Завершаю свою заметочку строчками из раннего Гумилева:
Привожу я их исключительно для того, чтобы ярче и наглядней проиллюстрировать, как культура древней Руси (в стихотворении — материальная, но без духовной культуры никакая иная попросту невозможна), избрав себе плацдармом Древний Египет, широко распространилась по всему миру — от Европы по Антарктиду включительно.
Есенин С.
В развернутом плане статьи «Голоса поэтов» Волошин характеризует Клюева и Есенина следующими словами: «Деланно-залихватское треньканье на балалайке, игра на гармошке и подлинно русские захватывающие голоса».
На этом контрасте «деланно — подлинно» и строится, на мой взгляд, творчество «самого народного из поэтов», как говорили на любом перекрестке в уже ушедшие советские времена.
Есенин был в народе любим. В книге А. Топорова «Крестьяне о писателях», выходившей первым изданием в 1930 году, приводятся такие высказывания о его творчестве в связи с прочтением и обсуждением стихотворения «Письмо матери»:
Связность в словах прозористая. Написано размывчато. Человечество у него явилось. А то, бывало, сброд несет в некоторых…

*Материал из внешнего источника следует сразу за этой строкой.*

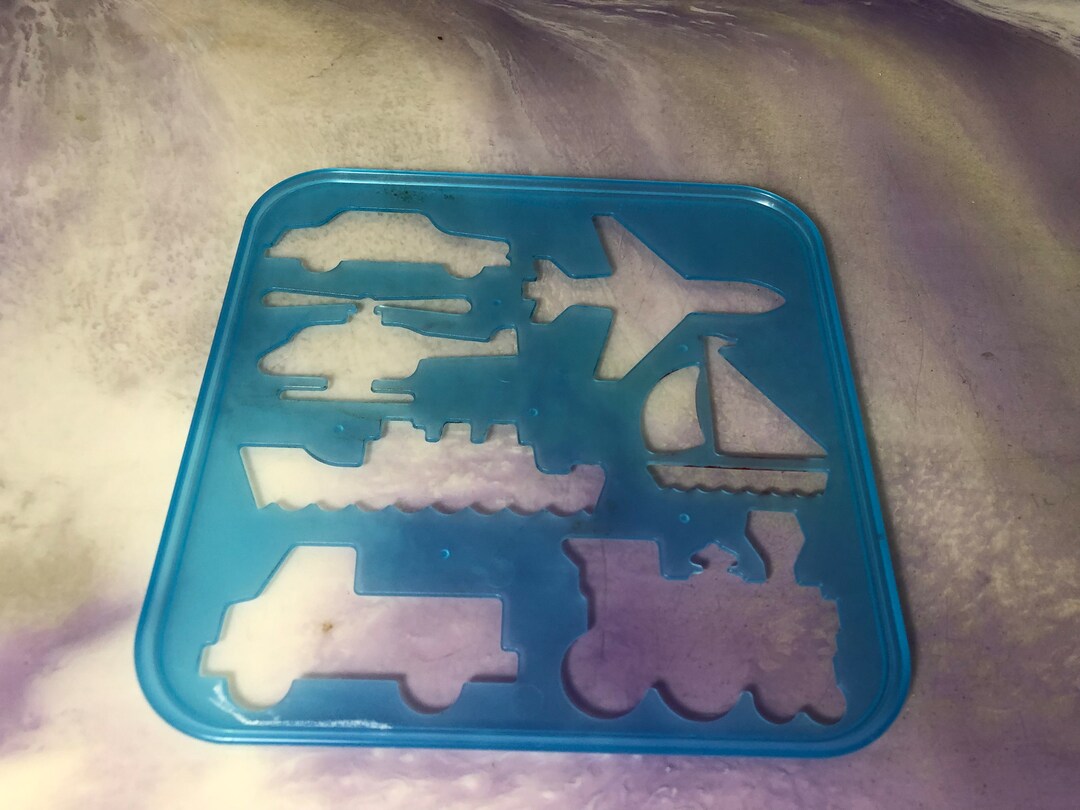 Vintage Tupperware Toys Stencil Vehicle Themed Rare Etsy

Под «сбродом» имеются в виду его запойно-хулиганские стихи из «Москвы кабацкой», «Песен хулигана» и некоторые другие.
Поэты смотрели на Есенина по-разному, но в основном любили, исключая, конечно, таких ортодоксов прошлого, как Иван Бунин. Маяковский Есенина осудил за то, что его муза («песенно-есененный напев», так, кажется, у В.М.?) ведет к веревке в гостинице «Англетер».

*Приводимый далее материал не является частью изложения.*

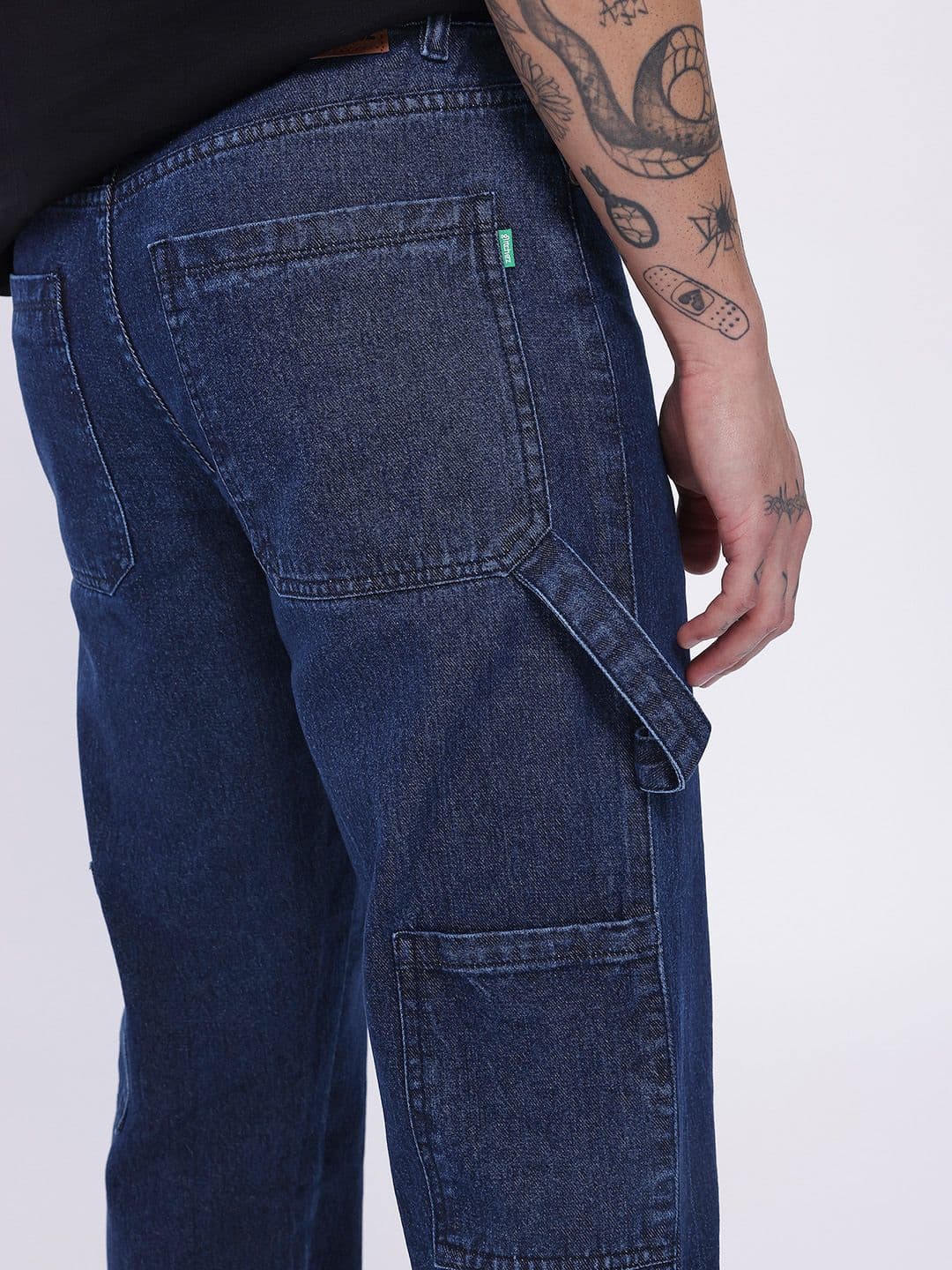 glitchez Men Crinkle Regular Fit Jeans thumbnail 4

Интеллигенция 70-80-х относилась к поэту искоса, но в основном по причине его явного успеха в народе, выражавшегося в застольных песнях «Клен ты мой опавший», «Не жалею, не зову, не плачу» и некоторых других. И еще она Есенина ревновала к «проклятым и забытым» Осипу Мандельштаму, Марине Цветаевой, Николаю Гумилеву и другим поэтам, прочесть которых в те унылые времена можно было разве что в самиздате.
Я думаю, сейчас к стихам Сергея Есенина у читателей нет претензий. Из народа ли эти читатели, из других ли групп населения, перемешавшихся за последний век в такое невообразимое крошево, что нет уже причин для раздоров на социально-родовой почве.
Етоев А.
Интереснее всего об Александре Етоеве — правда, не о Етоеве-писателе, а о Етоеве- антисоветчике, — рассказал Андрей Мадисон в «Русском журнале» (http://www.zhurnal.ru/staff/Mirza/madis.htm). Вот дословно эта заметка Обратите внимание на абберацию памяти автора — в тексте я Итоев, а не Етоев. Итак:
Мир и благоволение в человецех! Российский демос, как известно, крепко уставший от политики, может, наконец, отдохнуть. Я бы даже сказал: упокоиться. Все за него решено, все избрано и все сбалансировано. Осталось только предаться на полную катушку стабильности, а тем, кому по нраву великие потрясения, так пусть они исходят злобой в иссохшийся кулачок. Против исторической закономерности нет приема — кроме, разве что, исторического рока, объяснять которым происходящее на Руси считается хорошим тоном, но, как правило, уже на следующем относительно любого предыдущего витке ее непонятного развития.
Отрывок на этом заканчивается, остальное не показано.